Return the number of pairs of songs for which their total duration in seconds is divisible by 60. Formally, we want the number of indices i, j such that i < j, with (time[i] + time[j]) % 60 == 0.
Example 1:
Input: time = [30,20,150,100,40]
Output: 3
Explanation: Three pairs have a total duration divisible by 60:
(time[0] = 30, time[2] = 150): total duration 180
(time[1] = 20, time[3] = 100): total duration 120
(time[1] = 20, time[4] = 40): total duration 60
Question 1) Can you reduce this problem to two sum problem?
A) Yes
B) No
A) Yes.
Explanation:
For any valid pair (a, b), the following condition should be true:
=> (a + b) % 60 = 0
=> ((a % 60) + (b % 60)) % 60 = 0
=> ((a % 60) + (b % 60)) = 0 or ((a % 60) + (b % 60)) = 60
We can just replace time[i] with (time[i] % 60) and then, we just need to find the pair of numbers whose sum is either 60 or 0.
1) Pairs of Songs With Total Durations Divisible by 60
You are given a list of songs where the ith song has a duration of time[i]seconds.

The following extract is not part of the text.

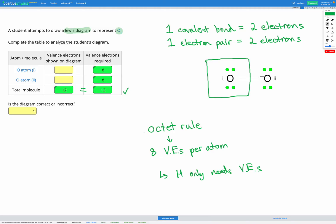We want each oxygen to have eight valence electrons. Let's count them on our diagram. One electron pair here — two electrons. Another electron pair here — running total of four. One covalent bond here — running total of six. Another covalent bond here — running total of eight. So we've got eight electrons for oxygen atom one, which matches what's required to obey the octet rule. This part looks great.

Return the number of pairs of songs for which their total duration in seconds is divisible by 60. Formally, we want the number of indices i, j such that i < j, with (time[i] + time[j]) % 60 == 0.
Example 1:
Input: time = [30,20,150,100,40]
Output: 3
Explanation: Three pairs have a total duration divisible by 60:
(time[0] = 30, time[2] = 150): total duration 180
(time[1] = 20, time[3] = 100): total duration 120
(time[1] = 20, time[4] = 40): total duration 60
Question 2) What is the time and space complexity of the most efficient approach?
(N -> Length of ‘time’ array)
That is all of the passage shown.